The CDA ‘dual-content’ conundrum

In his recent blog post, Eric Browne highlights what may be a problem in the design of the Australian PCEHR, due to the well-known CDA feature allowing dual forms of content – text and structured, supposedly equivalent – to be stored in the one document. If Eric’s examples are representative of real data in the future PCEHR system, there is definitely a problem. In any case, there is a general problem, to do with common misuse of the CDA architecture, which itself should be changed to remove such possibilities.

I have to admit I have never been able to understand the logic of the CDA design. The general idea is that a CDA (Clinical Document, defined by the HL7 Clinical Document Architecture standard) must have ‘narrative’ sections containing text, and can optionally have ‘structured’ data sections containing equivalent structured form of the data. Here it is in more detail, from [1], my bolding:

A CDA document section is wrapped by the <section> element. Each section can contain a single “narrative block” and any number of CDA entries and external references. The narrative block is a critical component of CDA and must contain the human readable content to be rendered. It is wrapped by the <text> element within the <section> element and contains XML markup that is similar to XHTML. The “originator” (defined as the application role responsible for creation of a conformant CDA document) must ensure that the attested portion of the document body is conveyed in narrative blocks such that a recipient, adhering to recipient rendering rules, will correctly render the document. This process ensures human readability and enables a recipient to receive a CDA document from anyone and faithfully render the attested content using a single style sheet.

Within a document section, the narrative block represents content to be rendered, whereas CDA entries represent structured content provided for further computer processing (e.g., decision-support applications). CDA entries typically encode content present in the narrative block of the same section… These entries are derived from classes in the RIM and enable formal representation of clinical statements in the narrative.

While the narrative blocks must always be present, the CDA entries are optional. An originator of a CDA document is not required to fully encode all narrative into CDA entries within the CDA body, nor is a recipient required to parse and interpret the complete set of CDA entries contained within the CDA body. Within an implementation, trading partners may ascribe additional originator and recipient responsibilities to create various entries and may create various templates and/or implementation guides that require the use of various entries. As a result, CDA R2 can be relatively simple to implement (i.e., just narrative blocks) or can be relatively detailed to implement (i.e., with the inclusion of many rich and expressive entries) and provides a migration pathway toward progressively richer computer-processable content.

There are various things to contemplate here.
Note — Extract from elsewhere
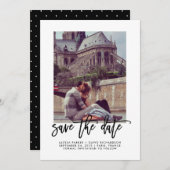 Elegant slaat de datum op | Typografie en foto Save The Date (Voorkant / Achterkant)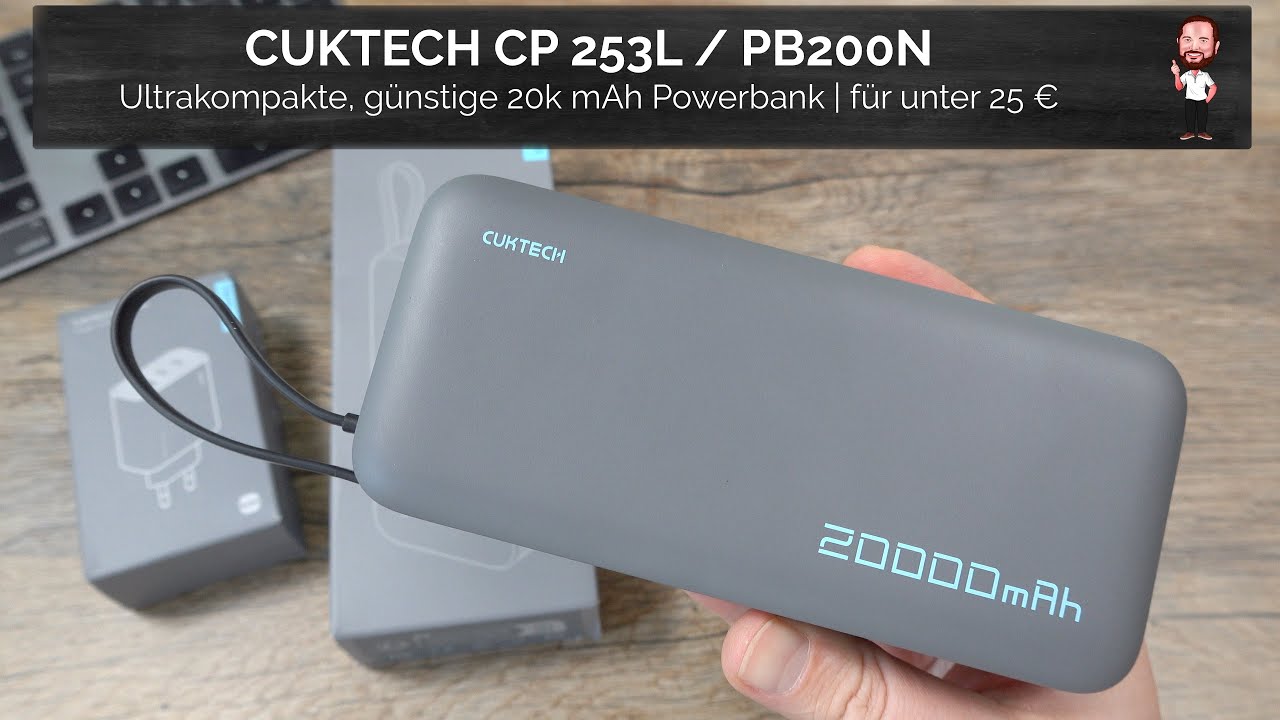 CUKTECH CP 253L / PB200N | Ultrakompakte 20k Powerbank für iPad,  iPhone + Samsung etc. | unter 25 €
The most obvious is that CDA provides a persistent place for two representations of the same data. While this might be done as an optimisation in some health information database, it doesn’t make sense in an application-level information artefact like a CDA. One would normally have expected that either a) there was structured content which could be rendered by some algorithm into text (a commonplace feature of software applications in all industries) or that there was just b) narrative content. To achieve this, all that is needed is a single information model, that accommodates variable structuring of data (typically in a tree structure of name-value pairs). The simplest case will be a single element containing a potentially large amount of text (+/- some formatting, assuming such markup is allowed). More structuring just means more elements, most likely with the text either represented in native forms (e.g. quantities & units) or simply sliced up into smaller fragments (e.g. patient answers to separate questions).

From the quote above, it is clear that the intention of the CDA design is that the (structured) entries ‘encode’ the narrative content. It is hard to see what this really means. What would make sense would be if the narrative block were a (reproducible) text rendering of the structured data. One reason you might want to do this is to ensure that what was rendered on the screen was guaranteed to be the same no matter where the CDA document was sent. Fair enough. In that case, the rules of CDA would have to be:

  1. Where there is structured data present, the narrative block must contain a faithful and standardised rendering of the structured part into an accepted HTML or XML form that everyone agrees to trust, generated by a published, standardised algorithm (the version of the algorithm probably should be included in the block).
  2. Where there is no structured text, the narrative block stands on its own (but see below)…
  3. Clinical sign-off is done on the narrative block, rendered to the screen (otherwise there is no purpose to the narrative block).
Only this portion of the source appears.